=== Begin Enclosure ===

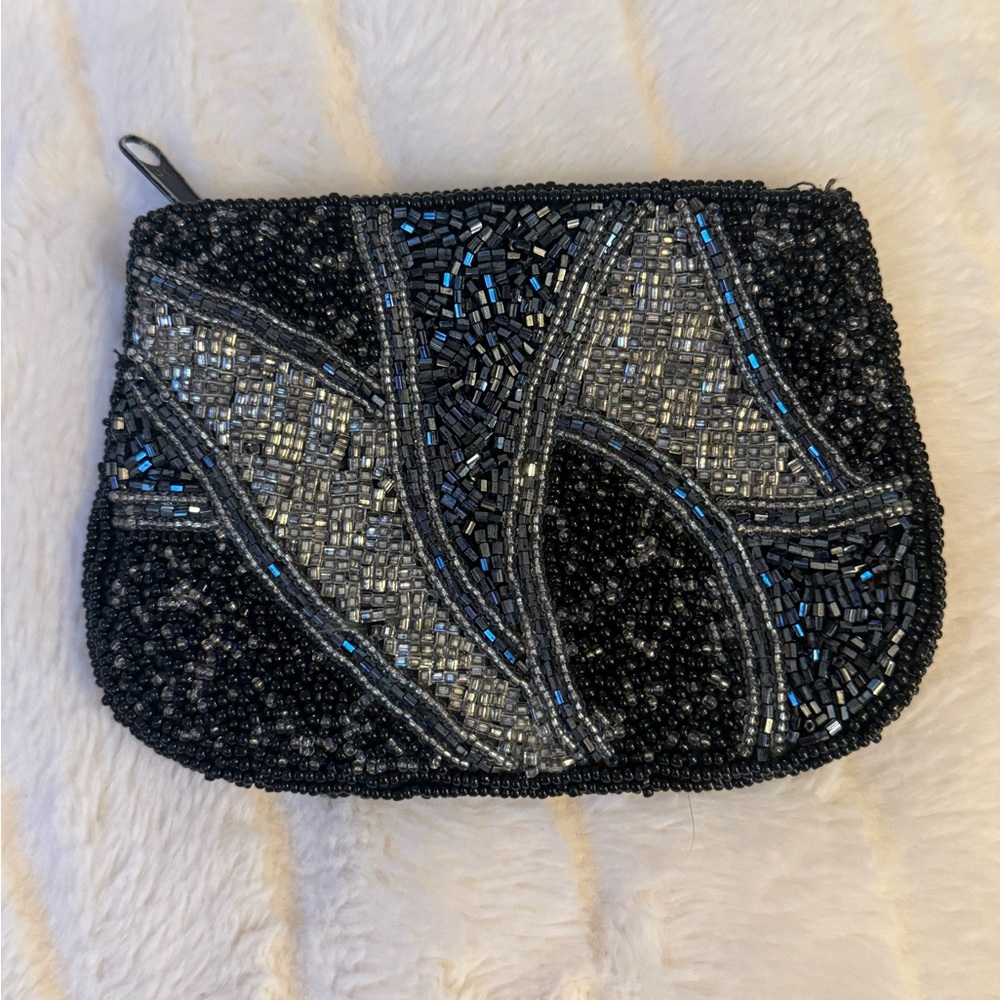 Vintage Black & Silver Beaded Small Pouch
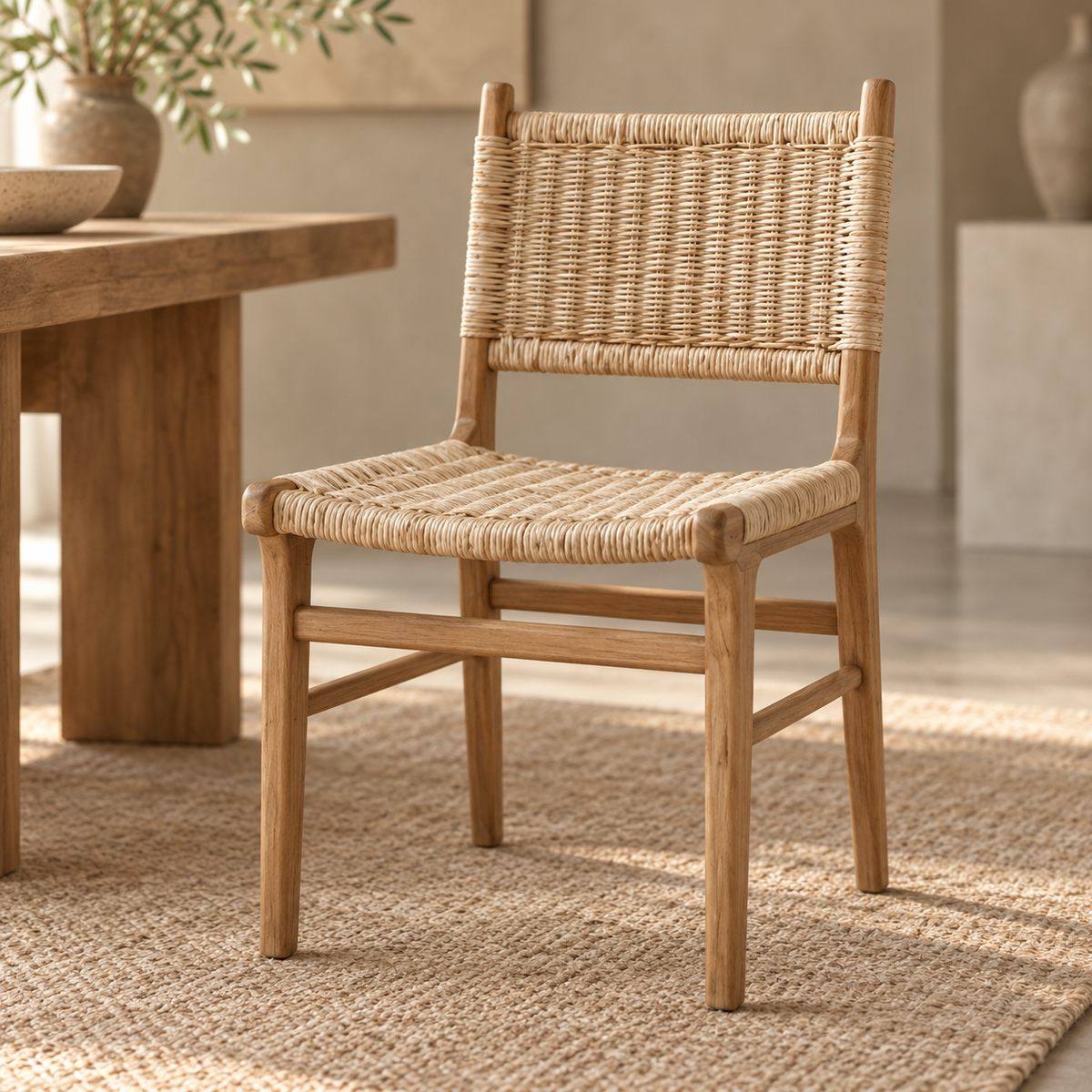 Soren Solid Teak & Handwoven Rattan Dining Chair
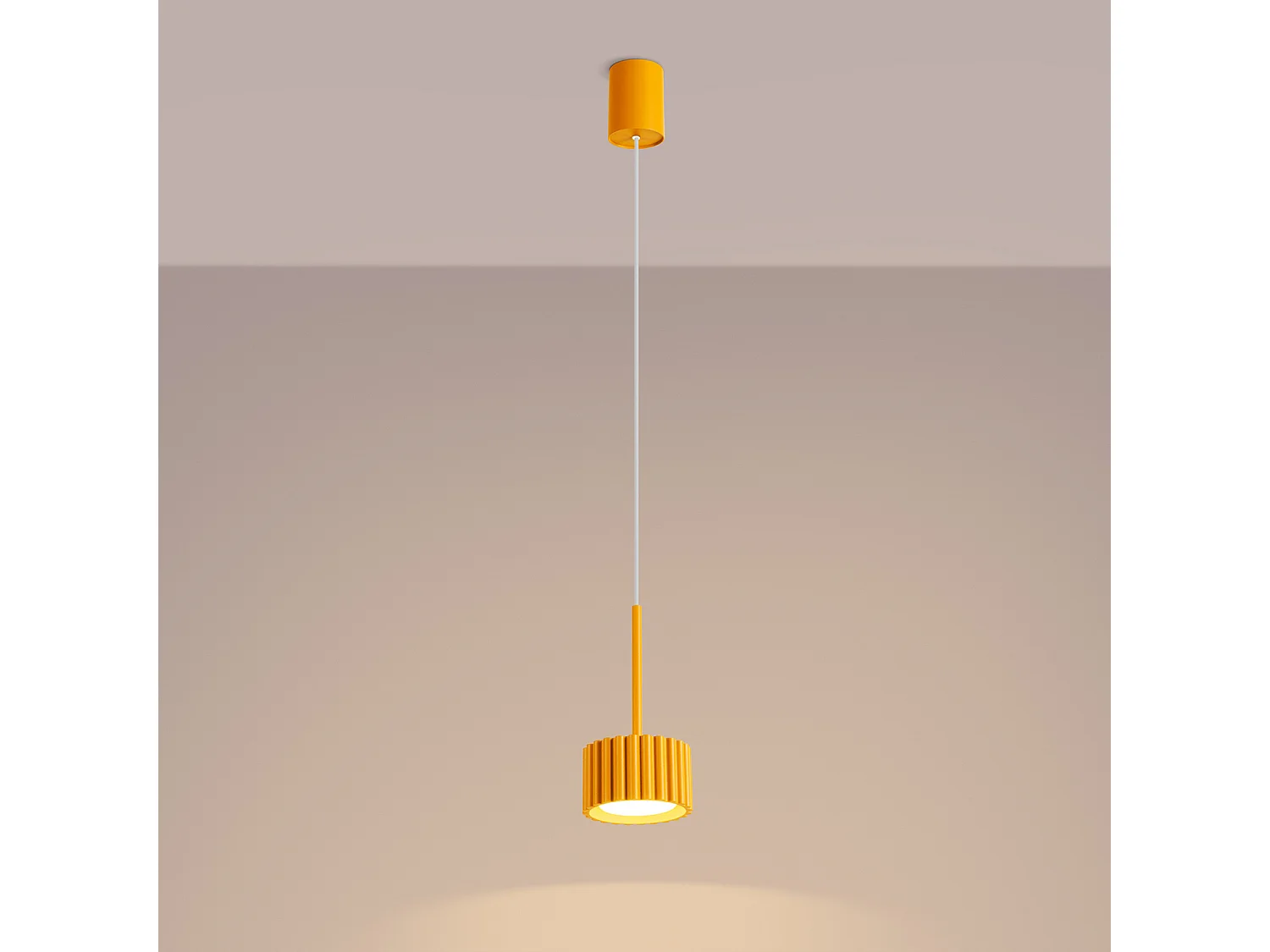 Lampe suspendue minimaliste en aluminium - 1 sources lumineuses - L.10 x H.125 cm - jaune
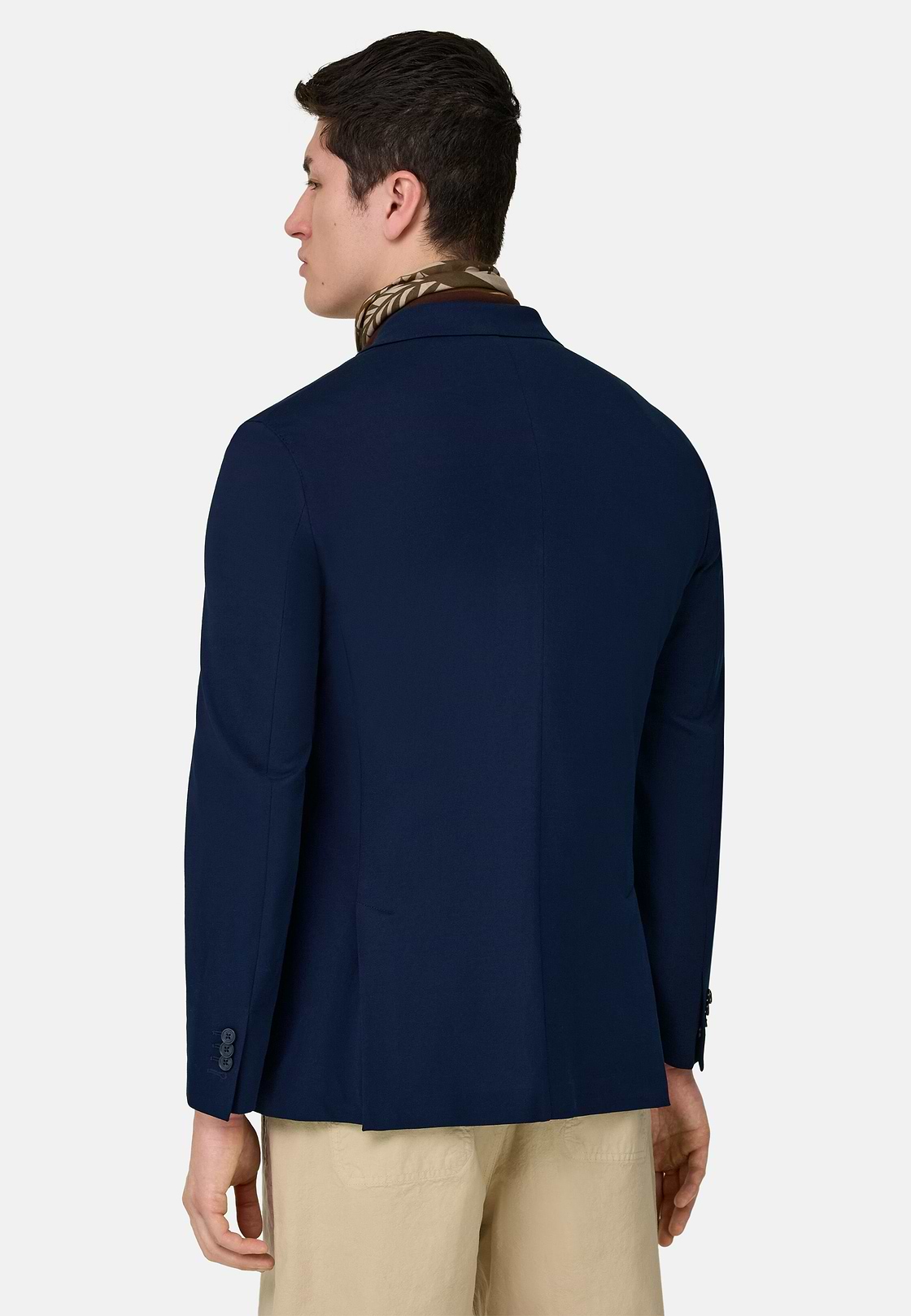 BROOKLYN | Micro Textured Double-Breasted Jacket in Pure Cotton, Navy blue, hi-res, 3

=== End Enclosure ===

About this exercise:
Please give every line above again word for word, apart from the pictures.

Reply:
 Vintage Black & Silver Beaded Small Pouch
 Soren Solid Teak & Handwoven Rattan Dining Chair
 Lampe suspendue minimaliste en aluminium - 1 sources lumineuses - L.10 x H.125 cm - jaune
 BROOKLYN | Micro Textured Double-Breasted Jacket in Pure Cotton, Navy blue, hi-res, 3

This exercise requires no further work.